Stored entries

■ ■ ■ ■ ■ ■ ■

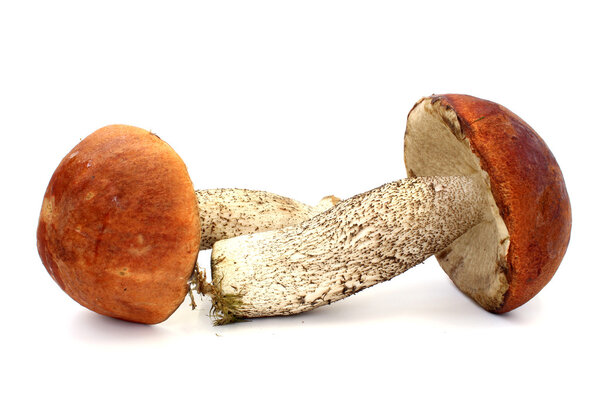 Two boletus lie in a cross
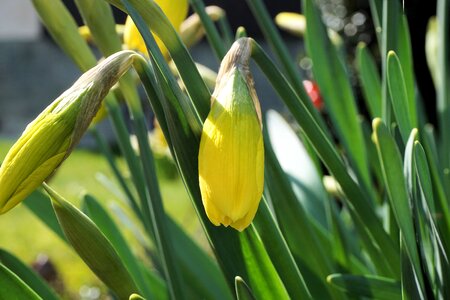 Flower spring daffodil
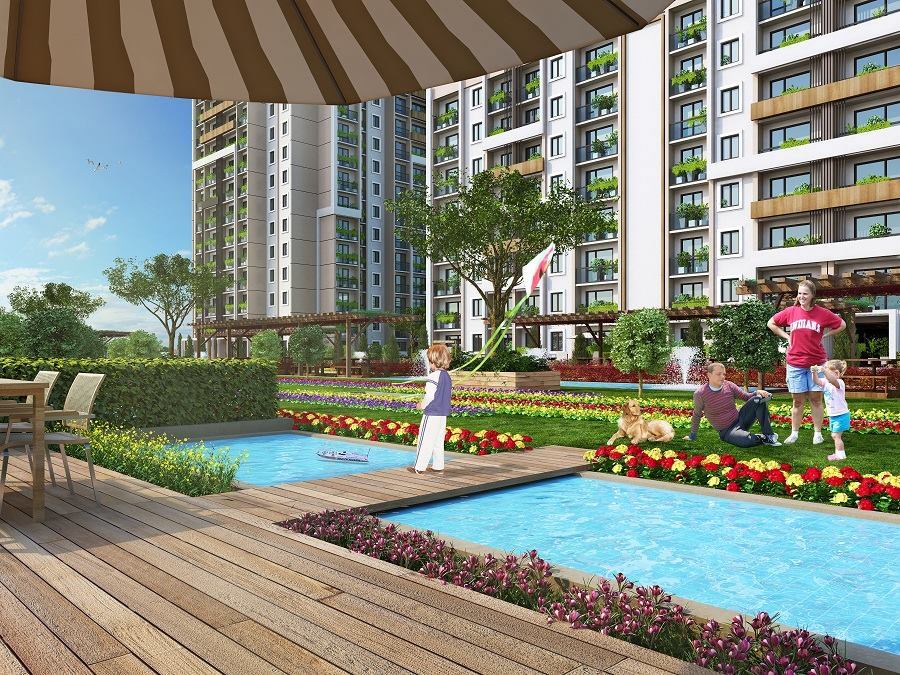 Project image 11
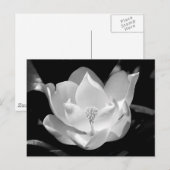 SüdMagnolien Postkarte (Vorne/Hinten)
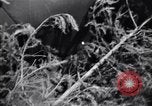 Image of Russian forces down German airplane Russia Soviet Union, 1941, second 26 stock footage video 65675039428
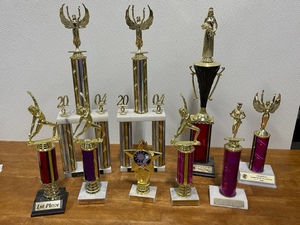 lot 57 image: Assortment of Trophies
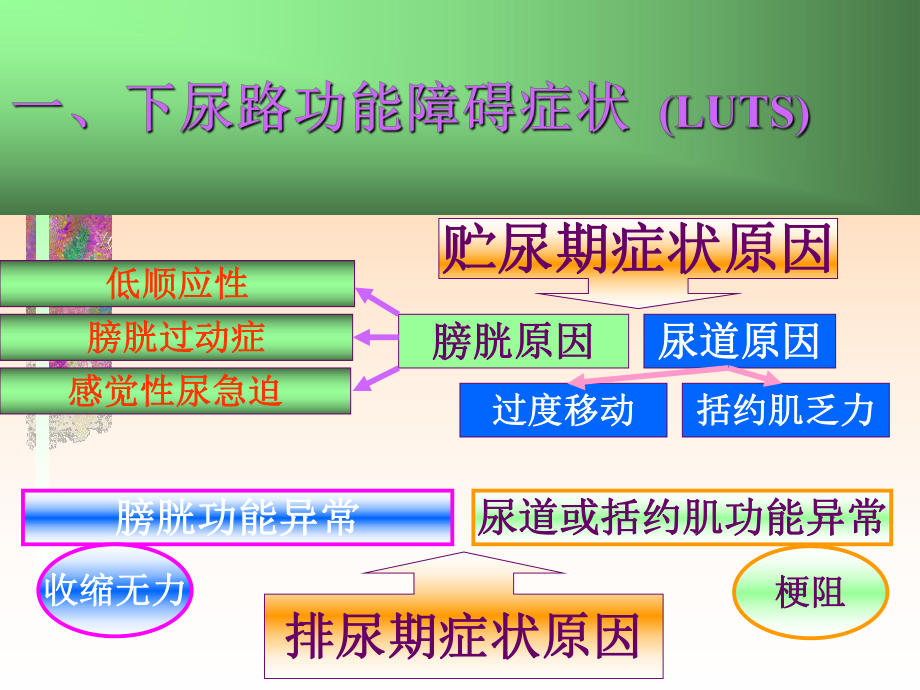 自主神经系统药物在下尿路征候群药物应用-课件.ppt_第3页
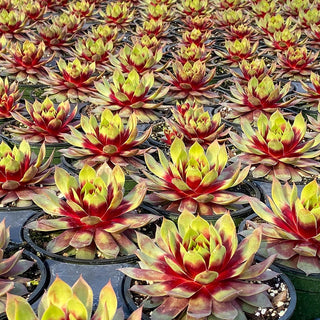 Chick Charms® Giants Gold Mine Hens & Chicks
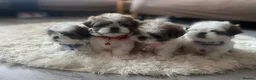 Malshi dogs for sale: ONLY 1 GIRL MINI MALSHI PUPPIES LEFT  - Advert 10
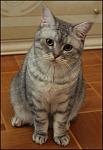     
: IMG_5883.jpg
: 26
:	47.1 
ID:	1989882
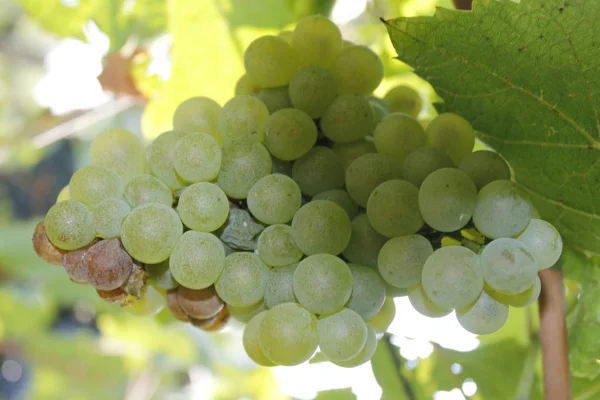 Tros witte druiven in de wijngaard — Stockfoto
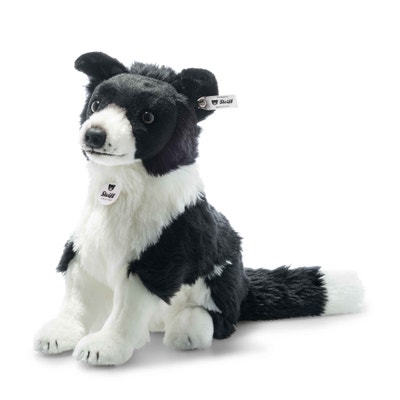 Jaycee Border Collie , 28 cm, schwarz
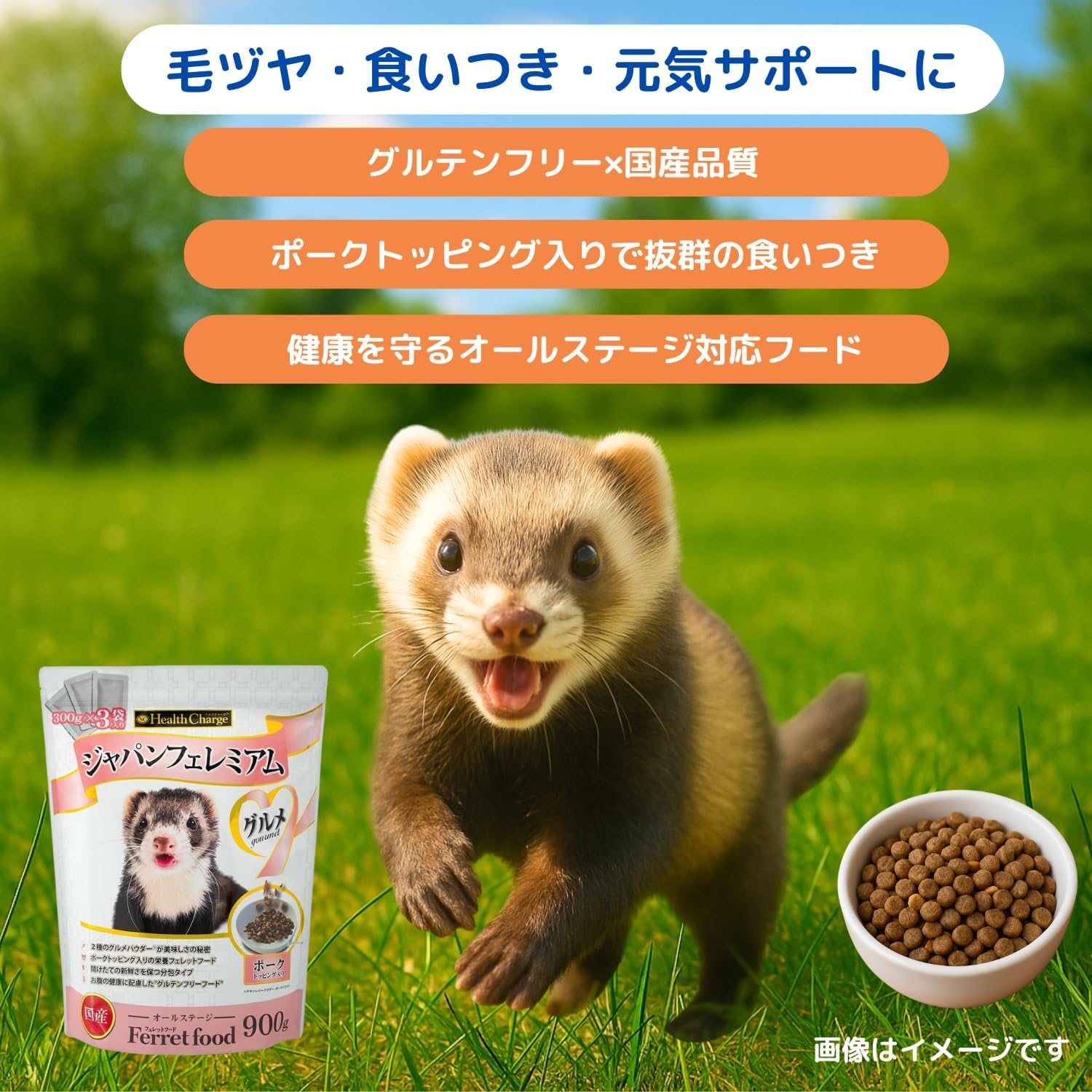3袋】ジャパンフェレミアム 1kg フェレットフード 【公式通販】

■ ■ ■ ■ ■ ■ ■

■ **Problem statement**
Repeat the entries exactly, without pictures.

■ **Reply**
 Two boletus lie in a cross
 Flower spring daffodil
 Project image 11
 SüdMagnolien Postkarte (Vorne/Hinten)
 Image of Russian forces down German airplane Russia Soviet Union, 1941, second 26 stock footage video 65675039428
 lot 57 image: Assortment of Trophies
 自主神经系统药物在下尿路征候群药物应用-课件.ppt_第3页
 Chick Charms® Giants Gold Mine Hens & Chicks
 Malshi dogs for sale: ONLY 1 GIRL MINI MALSHI PUPPIES LEFT  - Advert 10
: IMG_5883.jpg
: 26
:	47.1 
ID:	1989882
 Tros witte druiven in de wijngaard — Stockfoto
 Jaycee Border Collie , 28 cm, schwarz
3袋】ジャパンフェレミアム 1kg フェレットフード 【公式通販】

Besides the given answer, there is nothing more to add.